The film is directed by Nick Castle, the original Michael Myers from 1978’s Halloween and latterly the filmmaker behind family fare such as The Last Starfighter. Castle directs the slapstick well, getting the maximum impact out of simple sight gags and physical comedy bits – the consequences of Dennis’ actions are more slappy than sticky, with Matthau totally escaping the type of near-fatal blows inflicted on Daniel Stern and Joe Pesci in those other PG-certificate movies.
But an undervalued part of the film is the humanity that’s bedded in between the comic set pieces.

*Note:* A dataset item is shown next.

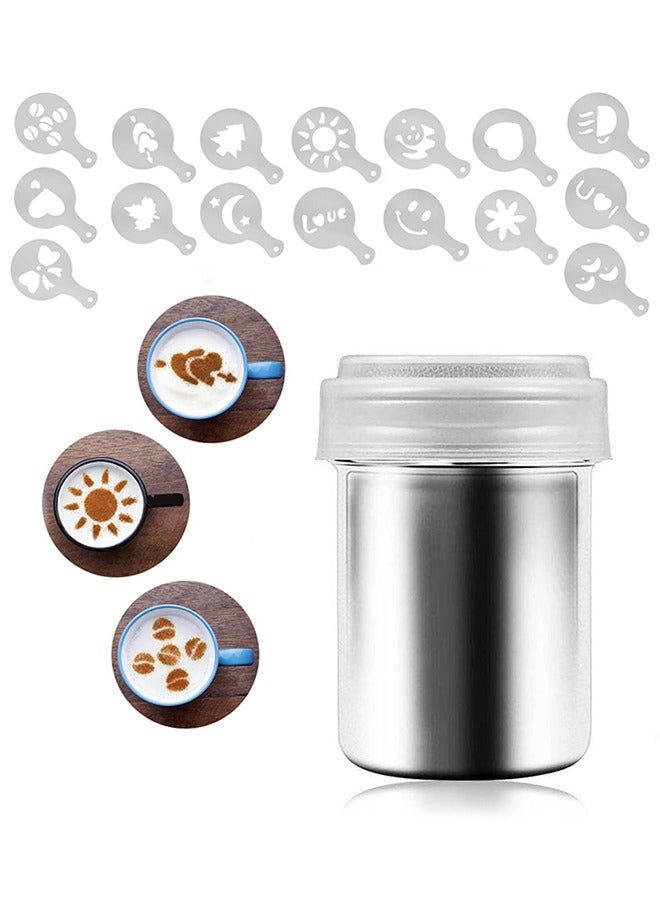 Sweet Life Chocolate Shaker Powdered Sugar Shaker Duster 16 Coffee templates Set for Cream, Powdered Sugar, Cocoa, Cappuccino, for Kitchen, Drinks, Baking - Image 1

We can see the beginnings of the grumpy old man archetype that Matthau played throughout the decade, but he cleverly plays him as a great big, slightly over-serious kid, less annoyed by a game of hide and seek on his lawn than the idea that the other boys might be cheating.
Within these comic performances, there are beats of startling pathos too, whether it’s Lea Thompson staring at the ceiling alone in her motel room, Joan Plowright hesitantly voicing her regret at never having a child of her own, or even Matthau finally reaching the end of his tether and coldly demolishing a 5-year-old with a monologue. Unlike other revivals around the same time, it feels as though everyone is acting the heck out of this.
Inevitably, the film lurches into more typical territory with the third act and the centring of Christopher Lloyd as an escaped burglar. Counter to the other adult characters, Lloyd’s Switchblade Sam is played and styled and even named like a child who’s grown up wrong. Sam’s hardly up there with Judge Doom from Roger Rabbit, but Lloyd has since spoken about how his bloodshot eyes and rotten teeth alarmed his young co-stars – his character is here purely as an irritable, beatable, and flammable figure to satisfy audience expectations of more violent slapstick and it slows the film right down.
Sure enough, many contemporary reviews of Dennis The Menace slated it for its likeness to Home Alone. Nevertheless, the film was a box-office success, spawning a couple of more perfunctory direct-to-video sequels with different casts in 1998 and 2007. But looking at the 1993 film with today’s eyes, the more entertaining throwback on either side of the burglar-bashing bits have a far longer range.